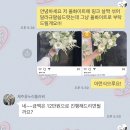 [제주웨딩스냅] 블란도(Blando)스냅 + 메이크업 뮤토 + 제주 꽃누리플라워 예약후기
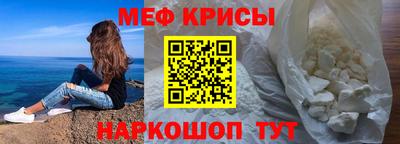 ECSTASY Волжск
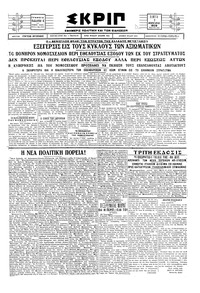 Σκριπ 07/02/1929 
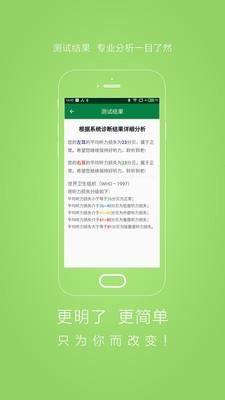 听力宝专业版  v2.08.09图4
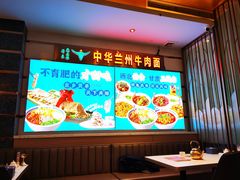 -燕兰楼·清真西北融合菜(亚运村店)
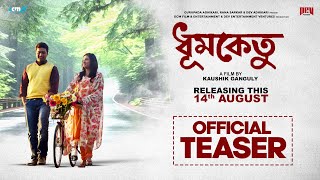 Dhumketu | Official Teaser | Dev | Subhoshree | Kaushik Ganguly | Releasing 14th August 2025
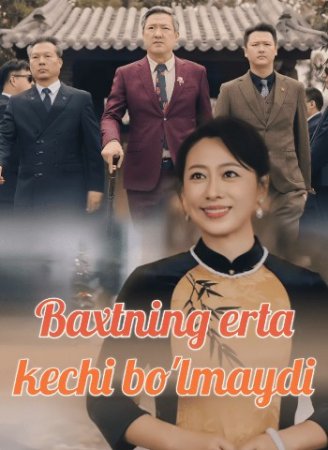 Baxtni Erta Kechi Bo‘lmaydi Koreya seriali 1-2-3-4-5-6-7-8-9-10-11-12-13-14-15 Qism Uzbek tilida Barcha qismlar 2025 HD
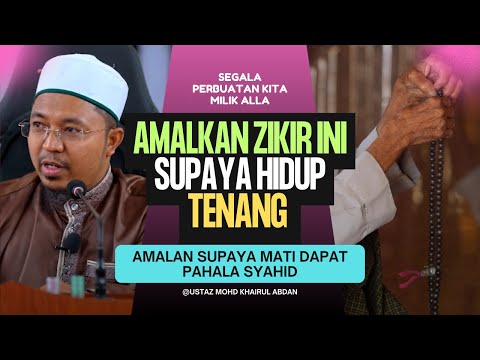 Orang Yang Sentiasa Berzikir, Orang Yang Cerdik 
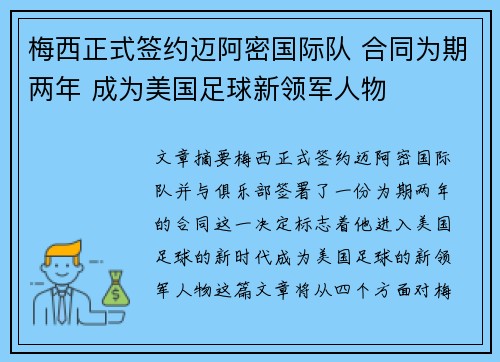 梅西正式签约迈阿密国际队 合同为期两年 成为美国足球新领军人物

--

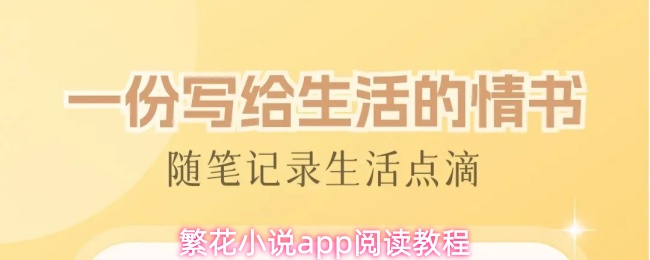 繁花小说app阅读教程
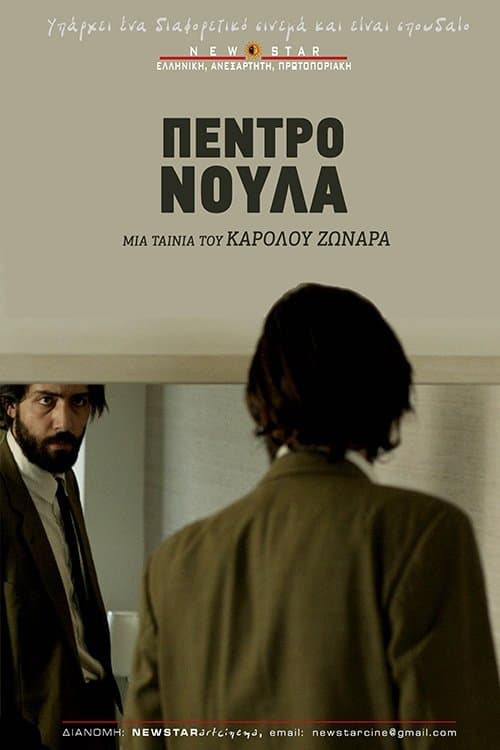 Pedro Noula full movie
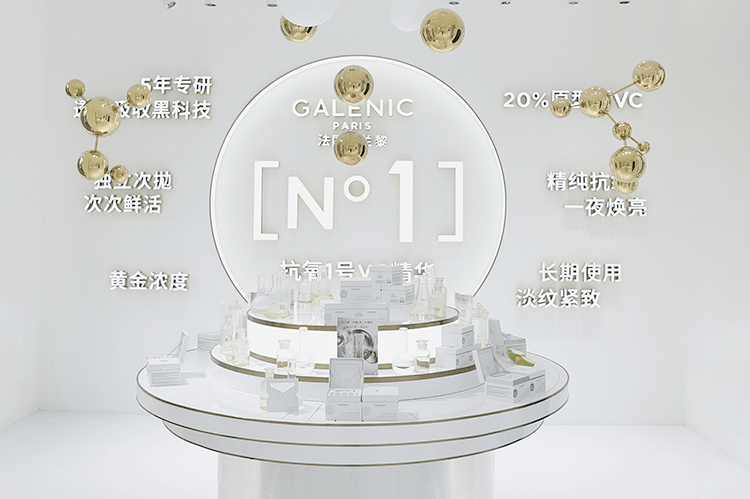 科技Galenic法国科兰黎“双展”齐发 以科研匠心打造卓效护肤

==

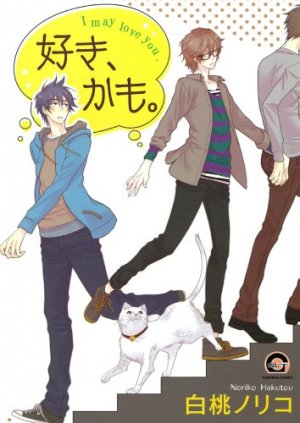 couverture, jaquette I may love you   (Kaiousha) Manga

### Exercise instructions
Copy word for word the span of the records above that begins at the line with "[제주웨딩스냅] 블란도(Blando)스냅 +" and ends at the line with "梅西正式签约迈阿密国际队 合同为期两年 成为美国足球新领军人物", including those two lines but not the pictures.

### Answer section
 [제주웨딩스냅] 블란도(Blando)스냅 + 메이크업 뮤토 + 제주 꽃누리플라워 예약후기
 ECSTASY Волжск
 Σκριπ 07/02/1929 
 听力宝专业版  v2.08.09图4
 -燕兰楼·清真西北融合菜(亚运村店)
 Dhumketu | Official Teaser | Dev | Subhoshree | Kaushik Ganguly | Releasing 14th August 2025
 Baxtni Erta Kechi Bo‘lmaydi Koreya seriali 1-2-3-4-5-6-7-8-9-10-11-12-13-14-15 Qism Uzbek tilida Barcha qismlar 2025 HD
 Orang Yang Sentiasa Berzikir, Orang Yang Cerdik 
 梅西正式签约迈阿密国际队 合同为期两年 成为美国足球新领军人物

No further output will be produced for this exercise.